A l’intérieur, Debba Marsh souhaite bonne nuit à sa femme de chambre , laquelle quitte la pièce. Dès que Debba reste seule, le Sphinx ouvre la fenêtre, un grand couteau à la main, s’écriant : « Il fallait dire adieu, Miss Marsh, pas bonne nuit : ». On passe sur la page suivante (la première page intérieure en fait, celle de droite) qui est donc en couleurs, ce qui nous permet de voir que le costume très bondage de Sphinx est rose (ce qui donne un effet moins « cuir » que dans les premières cases). Sphinx plonge son couteau dans la gorge de la demoiselle. La tueuse explique : « Je suis plutôt désolée, gamine, mais n’est qu’une  partie d’un plan… le plan le plus énorme du monde ! ». Une autre case montre de manière rapprochée la poitrine ensanglantée de la victime, visiblement morte. Petite touche finale, la tueuse place sur un des seins une petite reproduction en cuivre du Sphinx égyptien en expliquant que c’est son signe. Une heure plus tard, au journal local (le Daily Banner) on apprend que cette « autre mort ». Car Debba Marsh n’est que la dernière victime en date sur une liste qui s’allonge de femmes tuées au moment où elles allaient se coucher. La journaliste Joan (véritable clone de Lois Lane) est horrifiée. Les choses en sont au point où les jeunes femmes vont avoir peur d’aller dormir. Mais il est tard. La journée de travail touche à sa fin et Joan quitte son bureau. Elle a rendez-vous avec ses amis, les policiers Dan et Mike, mais elle annonce à son rédacteur-en-chef qu’elle pourrait avoir une idée pour piéger Sphinx. En fait Joan et Dan (le Blue Beetle originel dans son identité secrète) sont plus qu’amis. Ils sortent ensemble. Et on ne peut pas dire que Dan saute de joie quand il entend que Joan veut se lancer sur la piste de Sphinx. La journaliste proteste en expliquant que la police a échouée pour l’instant. Dan explique qu’ils ont besoin d’un peu plus de temps tandis que Mike, le partenaire de Dan, affirme que si ses supérieurs ne le cantonnaient pas à patrouiller dans les rues, il aurait arrêté Sphinx depuis longtemps.

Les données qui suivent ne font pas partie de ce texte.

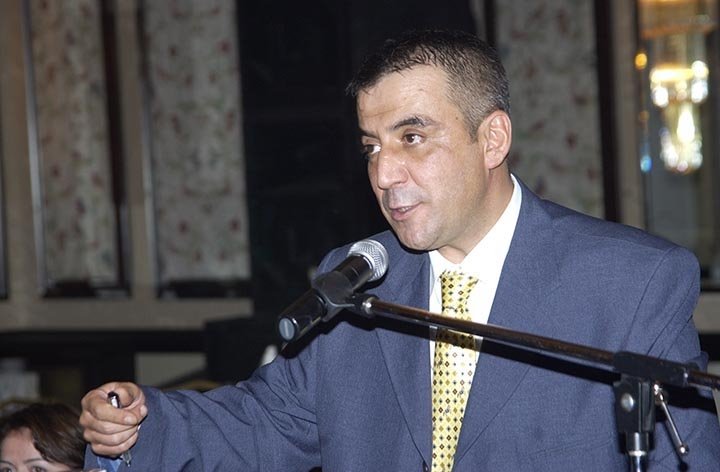kişi, adam içeren bir resim Açıklama otomatik olarak oluşturuldu
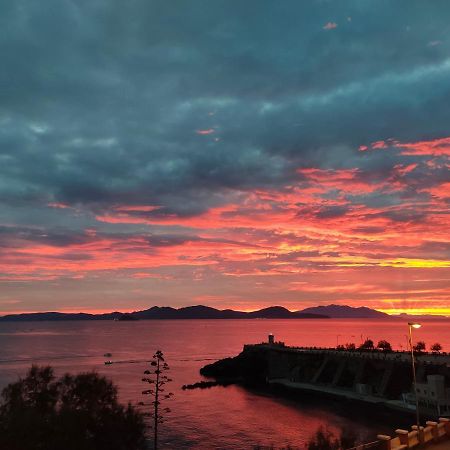 Domus Tilla Piombino Luaran gambar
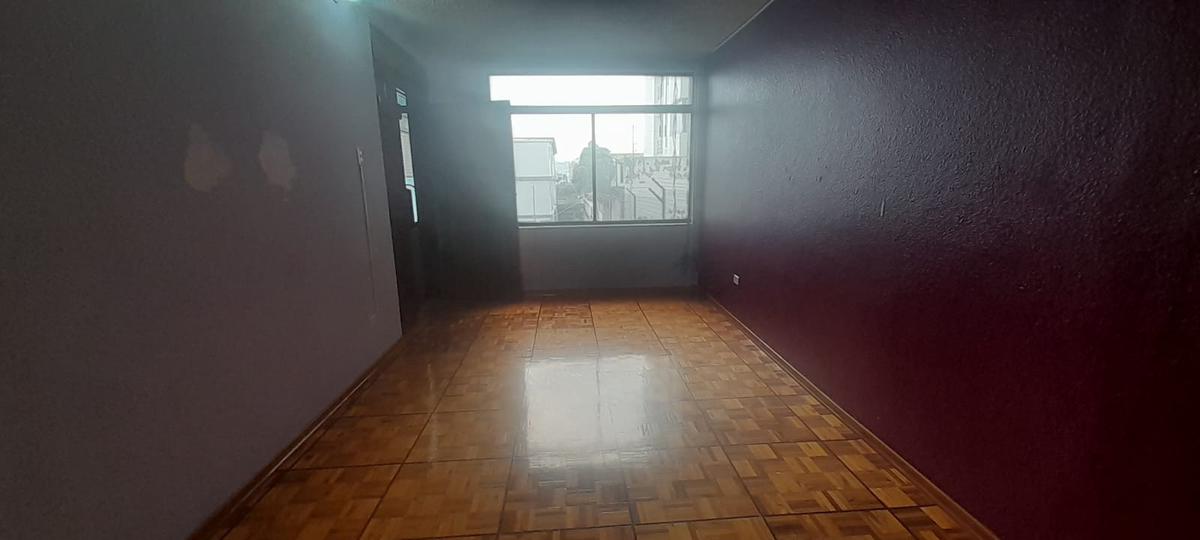 Rumipamba, Oficina, 70 m2, 2 ambientes, 1 baño, 1 parqueadero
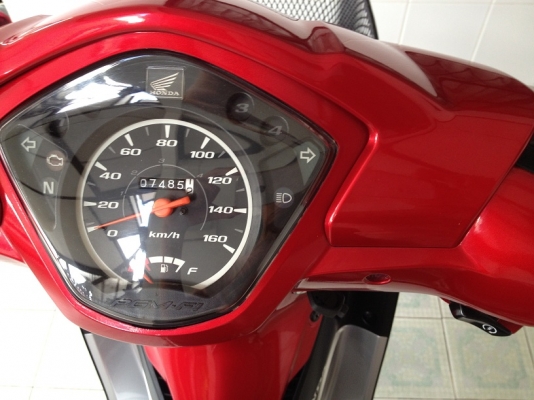 Wave110i ตัวTOP ล้อแม็ก สต๊าดมือ วิ่ง7000 ปี57 (ของแถม 4 รายการ)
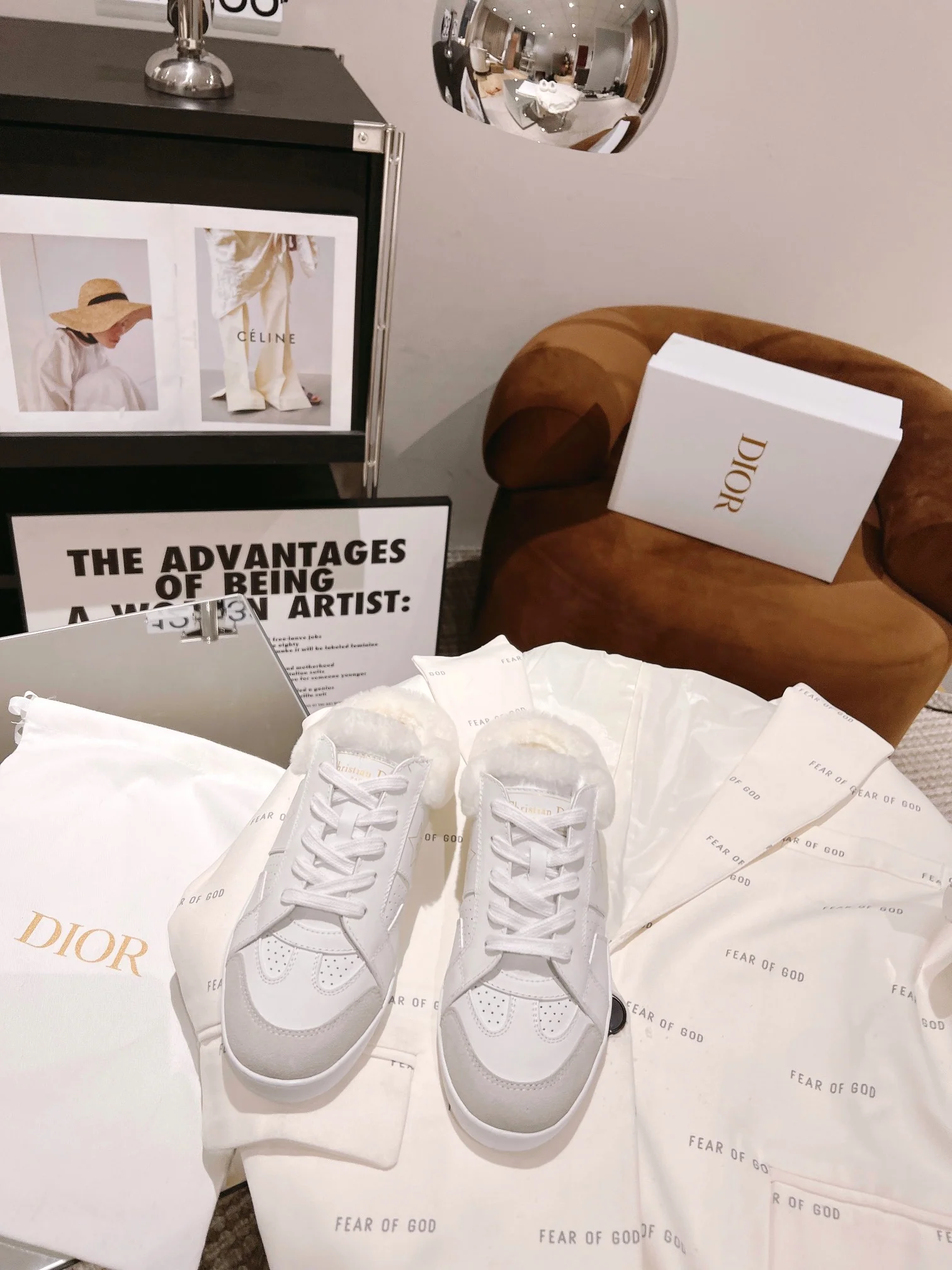 Новинка осени 2022 от Dior - кроссовки Star Half Slippers.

Sachant que le même Mike est aussi, en dehors de Dan Garrett lui-même,  le plus ancien personnage de la série et qu’il affirme depuis 1939 (Mystery Men Comics #1) qu’il est le point de démasquer Blue Beetle sans réaliser que le héros masqué est en fait son plus proche ami, cette affirmation a quelque chose de forcément comique…

Allez savoir comment, Joan a dressé un portrait psychologique de l’assassin : « Le tueur doit être paranoïaque ! Il… ou elle… laisse ces sphinx de cuivre comme une carte de visite, pour être sur d’être crédité de ses crimes ! Ce tueur est fier de ses crimes ! Je vais donc m’approprier un peu de sa gloire et voir ce qui se passe… Tandis que Mike, assez idiot, en est encore à ce que veut dire le mot « para… » qu’il n’arrive même pas à prononcer en entier, Dan Garrett, intérieurement, se dit que l’idée est loin d’être mauvaise et que le Blue Beetle va donc veiller sur Joan. Mais cette même nuit Sphinx est déjà passé à un autre meurtre.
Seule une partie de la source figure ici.